Activity =
Return each line of the records holding the string "Silver".
+--
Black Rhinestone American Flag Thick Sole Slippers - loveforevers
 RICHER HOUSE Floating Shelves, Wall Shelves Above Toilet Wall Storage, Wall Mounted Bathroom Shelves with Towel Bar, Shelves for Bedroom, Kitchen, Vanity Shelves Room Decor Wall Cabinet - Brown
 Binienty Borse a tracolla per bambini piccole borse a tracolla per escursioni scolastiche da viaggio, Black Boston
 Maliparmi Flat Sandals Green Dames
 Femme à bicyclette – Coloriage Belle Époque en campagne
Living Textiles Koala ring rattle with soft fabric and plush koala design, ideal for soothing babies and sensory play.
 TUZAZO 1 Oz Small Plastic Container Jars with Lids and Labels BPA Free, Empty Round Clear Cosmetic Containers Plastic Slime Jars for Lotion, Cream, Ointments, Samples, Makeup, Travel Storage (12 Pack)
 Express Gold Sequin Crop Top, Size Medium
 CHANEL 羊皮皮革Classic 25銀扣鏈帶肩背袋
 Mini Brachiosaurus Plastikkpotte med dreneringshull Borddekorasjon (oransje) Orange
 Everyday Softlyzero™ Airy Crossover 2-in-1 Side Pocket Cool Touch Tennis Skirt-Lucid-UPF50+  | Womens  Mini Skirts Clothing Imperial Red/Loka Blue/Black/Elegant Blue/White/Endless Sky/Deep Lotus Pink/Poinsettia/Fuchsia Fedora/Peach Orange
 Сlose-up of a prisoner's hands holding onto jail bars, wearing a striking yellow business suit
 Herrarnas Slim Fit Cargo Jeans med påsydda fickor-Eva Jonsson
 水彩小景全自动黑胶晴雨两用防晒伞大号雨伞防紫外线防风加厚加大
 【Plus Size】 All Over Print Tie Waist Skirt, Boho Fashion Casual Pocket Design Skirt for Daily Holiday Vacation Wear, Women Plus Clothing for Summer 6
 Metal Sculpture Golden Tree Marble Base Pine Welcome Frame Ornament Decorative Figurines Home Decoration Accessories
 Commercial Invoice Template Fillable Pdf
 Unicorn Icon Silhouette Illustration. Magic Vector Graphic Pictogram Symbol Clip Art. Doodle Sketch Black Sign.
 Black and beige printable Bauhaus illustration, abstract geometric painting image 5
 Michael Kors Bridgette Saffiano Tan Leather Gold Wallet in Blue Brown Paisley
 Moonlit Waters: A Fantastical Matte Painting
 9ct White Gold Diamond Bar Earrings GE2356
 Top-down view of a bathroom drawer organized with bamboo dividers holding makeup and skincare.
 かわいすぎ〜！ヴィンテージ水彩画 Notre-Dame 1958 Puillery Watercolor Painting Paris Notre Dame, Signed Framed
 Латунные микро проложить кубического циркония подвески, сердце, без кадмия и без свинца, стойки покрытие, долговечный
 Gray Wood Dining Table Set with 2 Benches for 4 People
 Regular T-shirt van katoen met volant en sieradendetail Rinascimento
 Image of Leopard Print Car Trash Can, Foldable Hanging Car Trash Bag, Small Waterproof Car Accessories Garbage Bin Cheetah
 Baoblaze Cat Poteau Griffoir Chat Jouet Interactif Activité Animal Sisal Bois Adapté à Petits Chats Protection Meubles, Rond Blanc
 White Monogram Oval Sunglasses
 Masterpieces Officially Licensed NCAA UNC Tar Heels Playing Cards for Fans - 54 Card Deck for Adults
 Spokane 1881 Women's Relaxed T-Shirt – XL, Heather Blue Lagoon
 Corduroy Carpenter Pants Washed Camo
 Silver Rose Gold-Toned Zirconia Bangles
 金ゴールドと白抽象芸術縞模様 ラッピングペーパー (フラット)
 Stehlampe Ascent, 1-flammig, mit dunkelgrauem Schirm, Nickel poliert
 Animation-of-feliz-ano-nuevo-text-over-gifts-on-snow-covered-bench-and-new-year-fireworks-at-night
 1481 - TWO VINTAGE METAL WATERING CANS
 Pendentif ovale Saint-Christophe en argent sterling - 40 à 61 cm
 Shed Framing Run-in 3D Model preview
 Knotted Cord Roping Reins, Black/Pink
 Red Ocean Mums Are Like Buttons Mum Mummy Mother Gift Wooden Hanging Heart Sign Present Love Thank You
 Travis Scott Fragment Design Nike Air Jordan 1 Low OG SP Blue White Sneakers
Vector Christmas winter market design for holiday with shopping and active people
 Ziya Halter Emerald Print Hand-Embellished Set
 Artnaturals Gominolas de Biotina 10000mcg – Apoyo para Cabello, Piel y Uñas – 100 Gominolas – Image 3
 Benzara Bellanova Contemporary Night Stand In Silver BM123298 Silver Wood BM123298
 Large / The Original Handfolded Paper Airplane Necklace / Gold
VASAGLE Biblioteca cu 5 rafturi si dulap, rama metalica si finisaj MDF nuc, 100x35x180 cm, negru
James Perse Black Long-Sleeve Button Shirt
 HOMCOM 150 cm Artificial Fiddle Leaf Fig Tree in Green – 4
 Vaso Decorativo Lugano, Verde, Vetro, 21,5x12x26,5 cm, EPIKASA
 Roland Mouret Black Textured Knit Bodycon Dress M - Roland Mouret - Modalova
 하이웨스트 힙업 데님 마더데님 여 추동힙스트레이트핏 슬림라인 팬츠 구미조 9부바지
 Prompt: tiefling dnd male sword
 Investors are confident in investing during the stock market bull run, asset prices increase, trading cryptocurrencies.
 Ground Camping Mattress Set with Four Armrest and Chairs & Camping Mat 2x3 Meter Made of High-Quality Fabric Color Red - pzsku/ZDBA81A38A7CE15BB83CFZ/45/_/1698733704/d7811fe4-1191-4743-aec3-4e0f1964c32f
+--
Response to the exercise =
 Silver Rose Gold-Toned Zirconia Bangles
 Benzara Bellanova Contemporary Night Stand In Silver BM123298 Silver Wood BM123298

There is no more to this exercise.